NASA shot some very unique high-definition footage of teams recovering the space shuttle’s solid rocket booster segments, including under-water shots of divers working on the recovery in the Atlantic Ocean. Seeing the divers and other recovery team members around the boosters helps give a sense of scale of how big these SRBs are. This is from shuttle Discovery’s final mission, STS-133, and comes complete with underwater breathing sounds!
The video also includes HD video footage from the recovery ships, showing how the teams keep track of and locate the boosters, as well as time-lapse footage of recovery efforts on the Freedom Star ship.
The footage was captured with a Panasonic HPX 3700 high-definition, cinema-style camera with 1080 progressive scanning at 24 frames per second.
NASA says that after the boosters are pulled from the ocean, “they are returned to Hangar AF at Cape Canaveral Air Force Station in Florida. After they are processed, the boosters are transported to Utah, where they are refurbished and stored, if necessary.” So, these particular boosters will not likely be refurbished.
Thrust of both boosters is equal to somewhere between 5.3 to 6.6 million pounds 144 million pounds of thrust to get the shuttles off the ground.
I’ll bet the crew(s) have some interesting stories!
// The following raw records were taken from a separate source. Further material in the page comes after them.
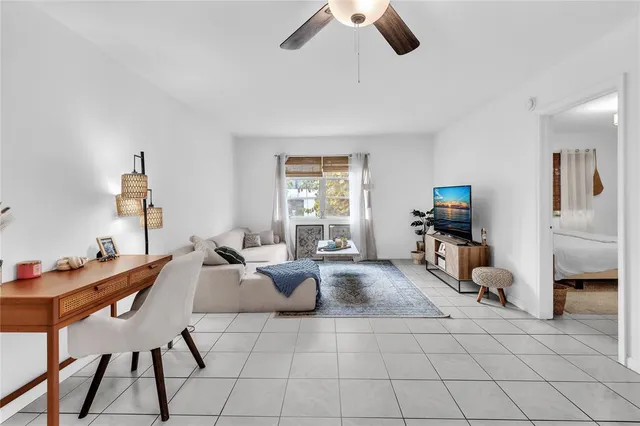 a living room with furniture a flat screen tv and a window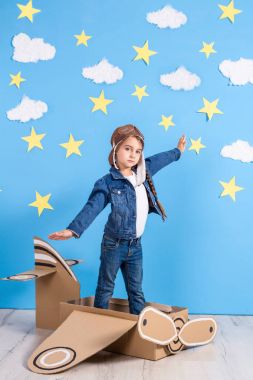 Küçük çocuk kız pilotlar kostümlü oynayan ve bulutların üzerinde uçan bir rüya.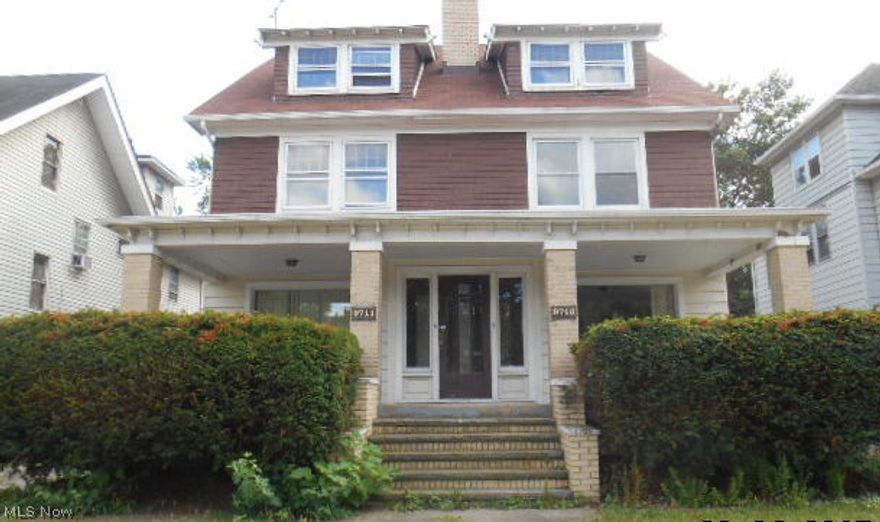 MUST SEE!! Spacious Colonial featuring over 3300 square feet. Each unit consists of: Large kitchens with ample cabinetry; counter space plus an Eat-in-area. Formal dining rooms with china cabinets and window seat.  Living rooms have an abundance of windows to allow the natural light through.  Nice sized bedrooms!! 3 Car Garage.  Full basement with plenty of built in cabinets for extra storage.  Close to Downtown Cleveland; Edgewater Park; Restaurants and much more.  This will not last long, Schedule Your Showing Today!!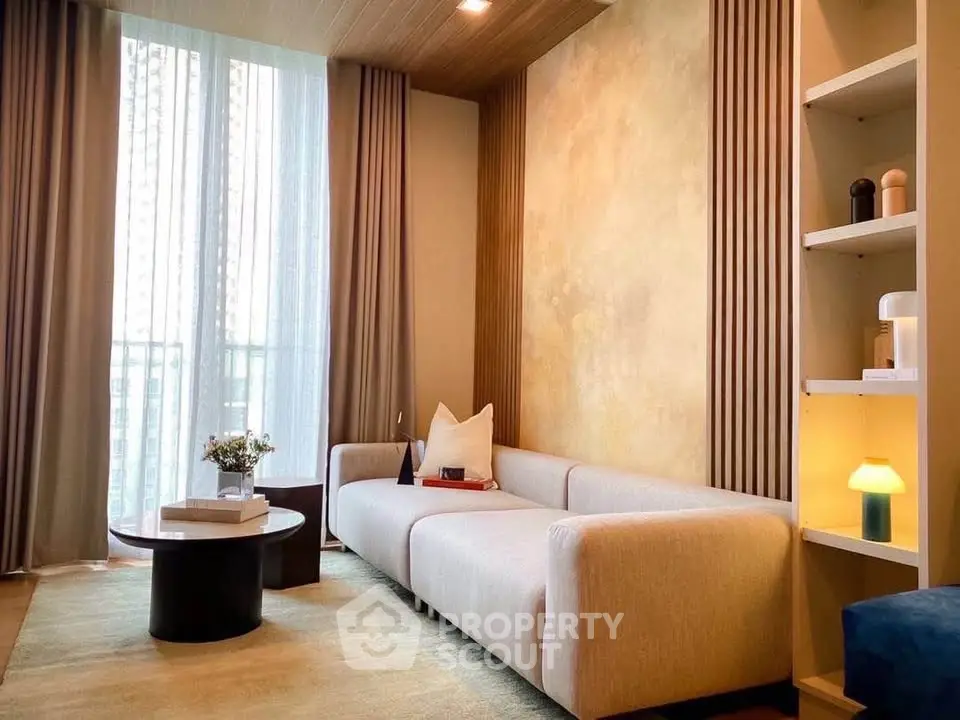 Elegant living room with modern sofa and stylish decor, featuring floor-to-ceiling windows and ambient lighting.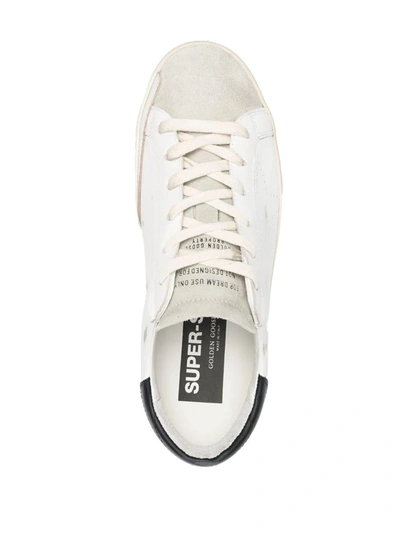 Shop Golden Goose Super-star Distressed Lace-up Sneakers In White/ice/black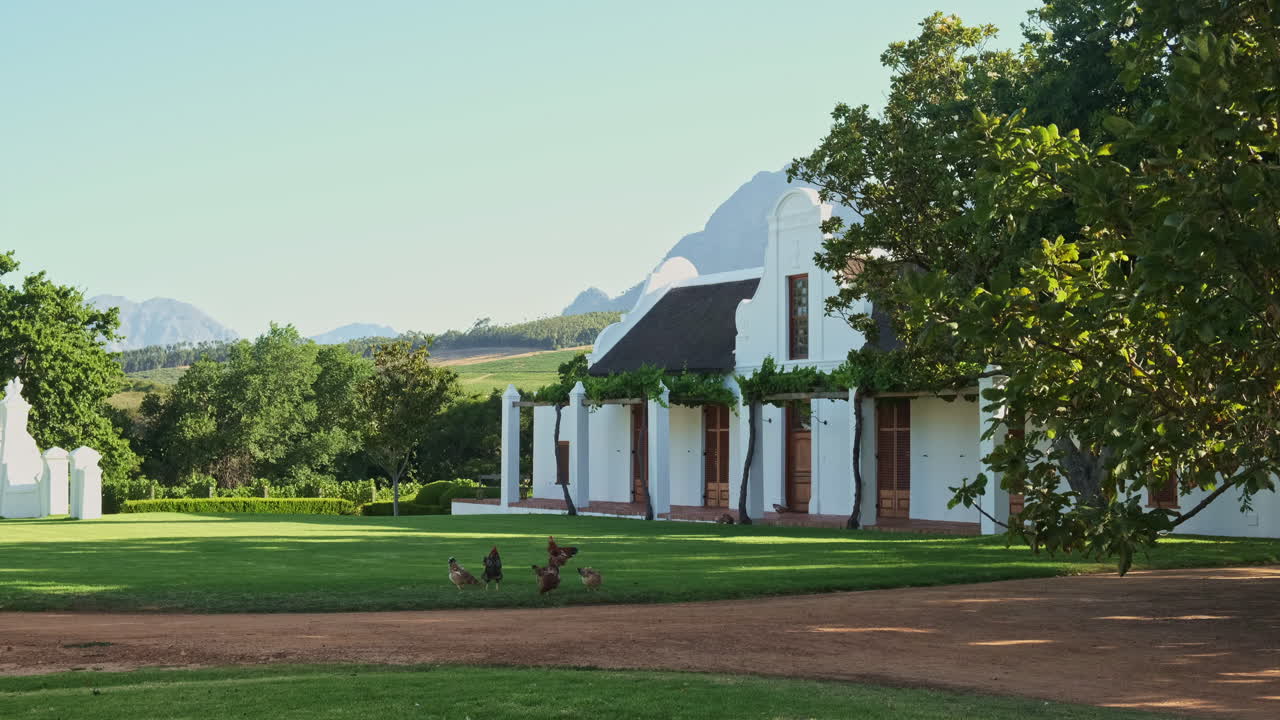 Babylonstoren Cape Dutch countryside chapel garden with chickens feeding on grass rural historic South Africa winery home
The one that got away?
I’ll note the gray sludge being pumped at 7:50 NASTY residuals being dumped?
144 million pounds of thrust? Each SRB puts out about 2.6 million pounds of thrust, so it would take about 55 of them to reach that level of thrust.
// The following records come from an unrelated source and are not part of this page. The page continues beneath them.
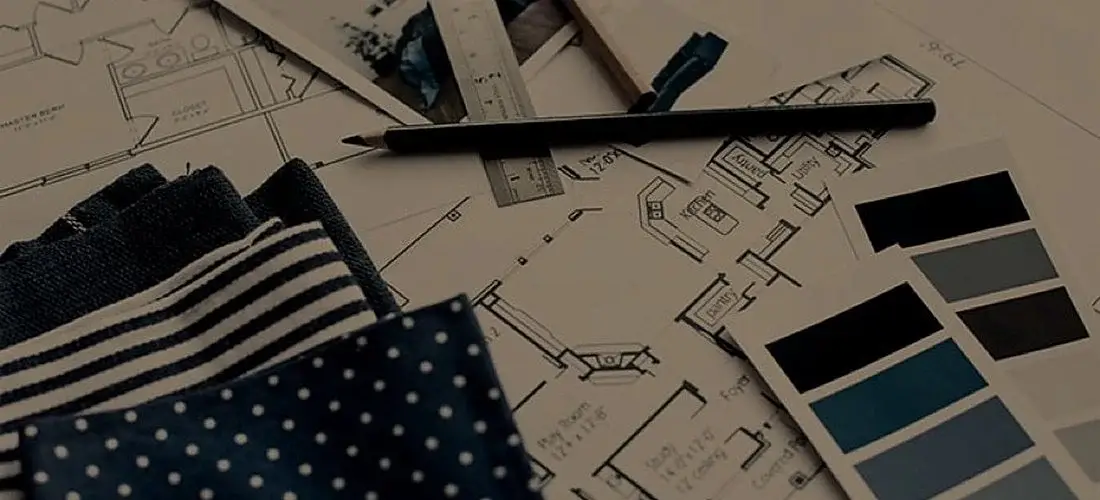 Fabric swatches and paint chips on a floor plan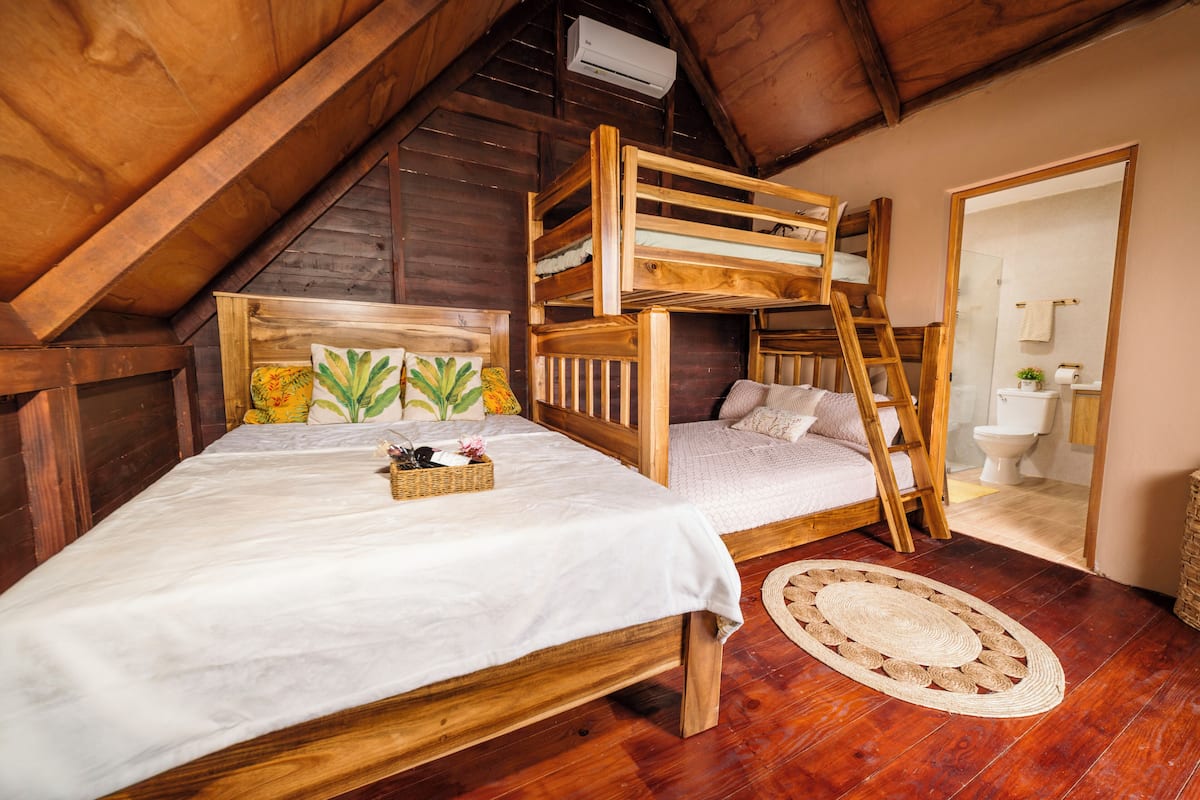 Un lit superposé en bois avec une échelle, une table de chevet avec un panier et un tapis tissé.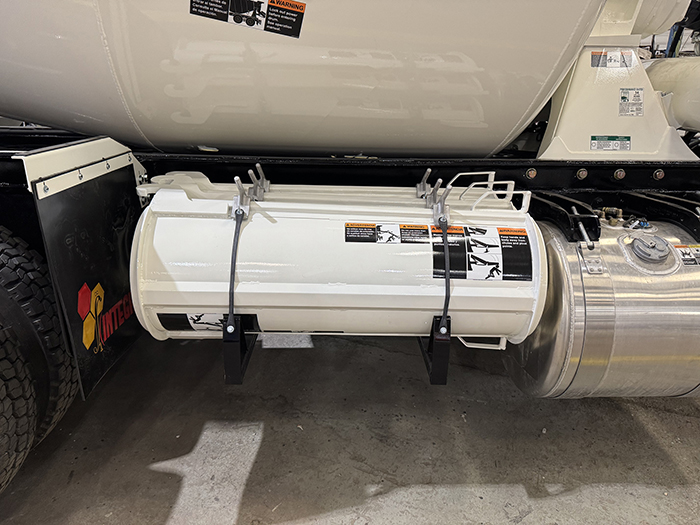 Three chutes mounted horizontally along the side of an EASI REDI-Mix Truck with an aluminum mount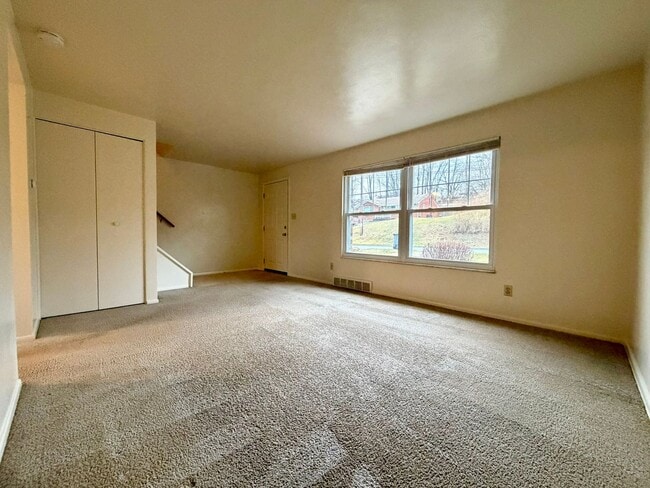 Photo - Stunning 2 BR Townhouse with Attached Garage! Central A/C & MORE!! CALL TODAY TO SCHEDULE A TOUR!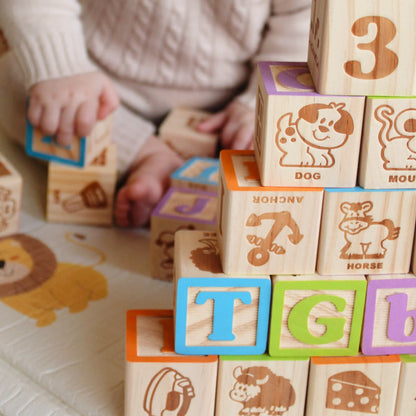 Child playing with wooden blocks featuring letters and animals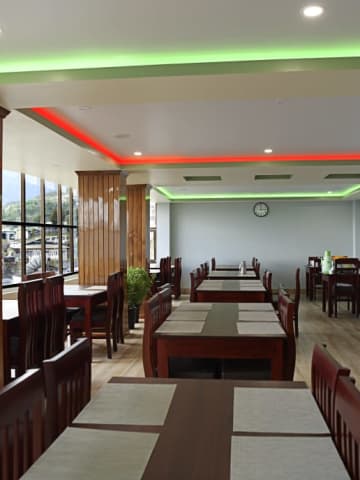 Restaurant interior featuring timber clad pillars and ambient cove ceiling lighting.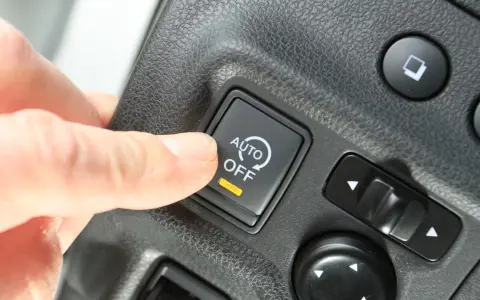 Palec naciska przycisk "AUTO OFF", wyłączając system start-stop.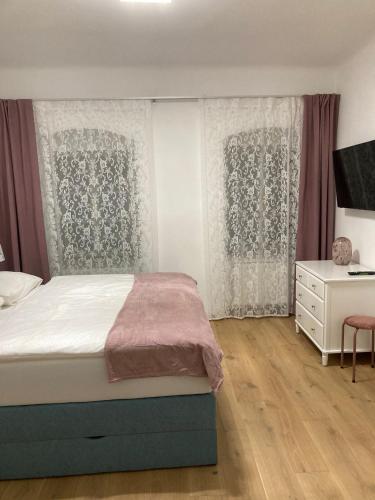 Schlafzimmer mit einem Bett, einer Kommode und Vorhängen in der Unterkunft Altes Bürgerhaus in Dürnstein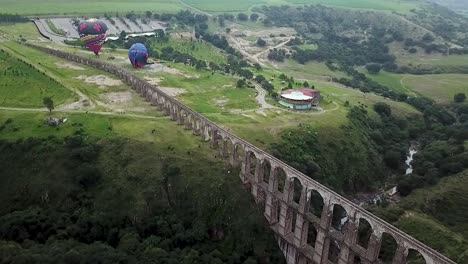 Drone-shot-and-tour-of-the-historical-site-"Arcos-del-Sitio"-during-the-assembly-of-hot-air-balloons-in-Tepotzotlán,-State-of-Mexico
Thanks — was going by the info in a press release NASA put out today, which was obviously wrong. This NASA webpage says 5.3 million lbs for the two SRBs together : http://www.nasa.gov/returntoflight/system/system_SRB.html, while someone who works at NASA told me that her info says 3.3 million lbs each at sea level (6.6 together). See this link for the Shuttle Crew Operations Manual: http://spaceflight.nasa.gov/shuttle/reference/shutref/srb/srb.html
Power output of SRB’s is 144 million Horsepower.This is being quoted by a few websites giving links to the HD footage of STS 133’s SRB recovery.